El cine ya no ocurre como antes. No es un encuentro anónimo y umbrío. Es una salida ruidosa al shopping con todo tipo de obstáculos. ¿Y qué decir de los contenidos? El sistema de distribución (las salas pretenden meter muchas proyecciones por día) hace que todas las narraciones deban cerrarse en 120 minutos, idealmente en 84. Quedará para el recuerdo el cine Gran Rex de Flores, donde daban dos películas y a nadie se le hubiera ocurrido pagar para ir a ver una sola. ¿Qué otra película le podemos ofrecer al consumidor que viene buscando esta?

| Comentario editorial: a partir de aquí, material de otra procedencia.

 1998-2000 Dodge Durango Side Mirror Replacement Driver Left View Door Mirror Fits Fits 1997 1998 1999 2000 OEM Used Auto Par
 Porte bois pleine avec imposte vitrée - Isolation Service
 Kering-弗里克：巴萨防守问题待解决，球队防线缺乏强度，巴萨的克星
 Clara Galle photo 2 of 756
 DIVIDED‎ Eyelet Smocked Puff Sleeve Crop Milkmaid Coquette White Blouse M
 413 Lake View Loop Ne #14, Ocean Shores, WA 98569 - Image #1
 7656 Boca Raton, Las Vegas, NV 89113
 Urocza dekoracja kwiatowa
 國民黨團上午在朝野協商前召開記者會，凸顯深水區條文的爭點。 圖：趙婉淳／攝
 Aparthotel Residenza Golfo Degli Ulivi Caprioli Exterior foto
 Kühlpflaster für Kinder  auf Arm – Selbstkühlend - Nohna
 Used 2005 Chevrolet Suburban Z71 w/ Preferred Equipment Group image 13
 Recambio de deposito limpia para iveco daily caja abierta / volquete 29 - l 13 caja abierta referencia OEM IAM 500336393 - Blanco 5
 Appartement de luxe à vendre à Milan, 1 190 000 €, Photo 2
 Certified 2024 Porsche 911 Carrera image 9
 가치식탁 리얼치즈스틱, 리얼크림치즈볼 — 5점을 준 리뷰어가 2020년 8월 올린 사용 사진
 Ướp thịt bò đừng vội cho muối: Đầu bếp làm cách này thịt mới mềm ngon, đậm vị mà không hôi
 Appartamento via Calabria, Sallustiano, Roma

Esto ha evolucionado y es un algoritmo que hoy por hoy se llama Netflix, aunque hay sinónimos. Sabe qué ofrecernos de acuerdo a lo que ya hemos visto. Pero además sabe cómo ofrecerles a algunos directores bastante inigualables un espacio donde ni la duración ni el contenido parecen estar digitados por la urgencia del pochoclo. Ojo, hay pochoclo, y mucho, pero también estrena Scorsese, se concibe Roma o se encuentran todas las de Noah Baumbach. Su más reciente, Marriage Story, es una pequeña maravilla de diálogos brillantes, de largas escenas con ritmos agudamente teatrales, de puntos de vista complejos y una serie de virtudes que seguramente los productores que buscan los 120 minutos de gancho cinematográfico hubieran considerado prescindibles. No sé cómo han sido las cosas pero es seguro que Marriage Story –una historia de amor contada en su punto más paradójico, el de un divorcio escalofriante– en manos de estudios y distribuidores convencionales podría haber estado forzada a durar media hora menos. Baumbach escribe con inteligencia y habilidad y dirige como un escultor renacentista. Sus actores le garantizan tanto la eficacia como la popularidad. Es fácil reventar taquilla con Scarlett Johansson y seguramente más fácil complacer paladares negros con Adam Driver, un enigma, un ser de luz de otro planeta (turbio y escaleno) que –según dice– no se atreve a verse en sus propias películas. El film ofrece una serie de escenas inolvidables, como la de la navaja, diseñadas con un amor, una precisión y un apetito clásico que faltan en casi todo el cine yanqui que va para las salas. No contento con estas garantías absolutas, Baumbach incluye un equipo de actores cuya impronta artística (y no industrial) es ya un legado: Wallace Shawn, Laura Dern, Alan Alda.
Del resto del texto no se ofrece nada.